In the closing arguments Tuesday in a motion on Pfc. Bradley Manning's pretrial detention conditions, Manning's attorney said his client was kept like "a zoo animal."
"The conditions that Manning was under, they can only equate to death row detainees," said the soldier's attorney, David Coombs. "If the Quantico brig could have put him in a straitjacket in a padded room and not had anybody complain, they would have." Manning's defense is claiming that the accused whistle-blower was subjected to unlawful pre-trial punishment, and are calling for all charges against the soldier to be dismissed as a result.

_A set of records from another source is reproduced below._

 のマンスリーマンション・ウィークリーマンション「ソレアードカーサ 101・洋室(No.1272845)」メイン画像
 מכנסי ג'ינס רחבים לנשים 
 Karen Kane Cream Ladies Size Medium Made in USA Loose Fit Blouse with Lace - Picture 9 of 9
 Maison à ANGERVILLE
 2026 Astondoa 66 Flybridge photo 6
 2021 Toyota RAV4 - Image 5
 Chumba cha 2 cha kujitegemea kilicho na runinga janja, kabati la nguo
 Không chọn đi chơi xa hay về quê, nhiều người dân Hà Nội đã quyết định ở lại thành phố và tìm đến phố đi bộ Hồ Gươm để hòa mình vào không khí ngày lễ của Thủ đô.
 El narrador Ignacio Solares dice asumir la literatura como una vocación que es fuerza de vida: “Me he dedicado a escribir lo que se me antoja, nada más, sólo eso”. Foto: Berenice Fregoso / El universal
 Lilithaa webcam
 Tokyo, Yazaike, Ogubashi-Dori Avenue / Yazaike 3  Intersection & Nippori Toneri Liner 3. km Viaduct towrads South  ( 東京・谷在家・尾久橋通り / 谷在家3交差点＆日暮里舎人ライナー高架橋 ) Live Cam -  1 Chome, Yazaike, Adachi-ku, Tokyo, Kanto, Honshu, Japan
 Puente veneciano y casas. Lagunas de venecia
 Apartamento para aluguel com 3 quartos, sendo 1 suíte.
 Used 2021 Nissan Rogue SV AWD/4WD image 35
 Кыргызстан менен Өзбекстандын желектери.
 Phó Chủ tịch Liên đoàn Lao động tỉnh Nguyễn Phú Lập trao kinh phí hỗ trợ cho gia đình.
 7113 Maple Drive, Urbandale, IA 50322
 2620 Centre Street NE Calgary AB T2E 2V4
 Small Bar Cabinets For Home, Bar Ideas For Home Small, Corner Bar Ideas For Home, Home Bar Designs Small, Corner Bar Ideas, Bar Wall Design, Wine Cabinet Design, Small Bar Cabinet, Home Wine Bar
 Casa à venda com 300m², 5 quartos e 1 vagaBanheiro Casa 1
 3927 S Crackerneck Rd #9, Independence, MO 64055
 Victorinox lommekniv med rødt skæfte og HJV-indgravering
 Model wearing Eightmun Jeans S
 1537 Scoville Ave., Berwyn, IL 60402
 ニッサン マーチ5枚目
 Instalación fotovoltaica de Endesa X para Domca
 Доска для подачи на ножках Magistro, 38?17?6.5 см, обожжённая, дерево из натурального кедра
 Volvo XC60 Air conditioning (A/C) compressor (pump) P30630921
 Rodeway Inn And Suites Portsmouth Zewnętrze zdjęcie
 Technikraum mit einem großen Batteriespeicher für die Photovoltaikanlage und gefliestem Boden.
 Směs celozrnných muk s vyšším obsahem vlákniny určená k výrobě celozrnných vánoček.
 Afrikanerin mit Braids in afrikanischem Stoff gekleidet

Coombs claimed that there was an institutional resistance in Quantico to listening to psychiatrists' advice about Manning. The Fort Meade court has heard testimony over the last two weeks from Manning himself alongside a host of Quantico staff about the nature of his detention. Much of Coombs' argument has rested on testimony from psychiatrists who advised that Manning did not need to be kept under Prevention of Injury status, which entailed a harsh regime of regular checks by brig guards.
Military judge Col. Denise Lind did not immediately rule on the motion, but a decision could come in the next several weeks. Manning's case is not expected to go to full court-martial trial until March next year, but Lind's court will convene again on Jan. 8, when the judge will consider further pretrial motions, including the government's request to exclude Manning's motives from the findings portion of the trial.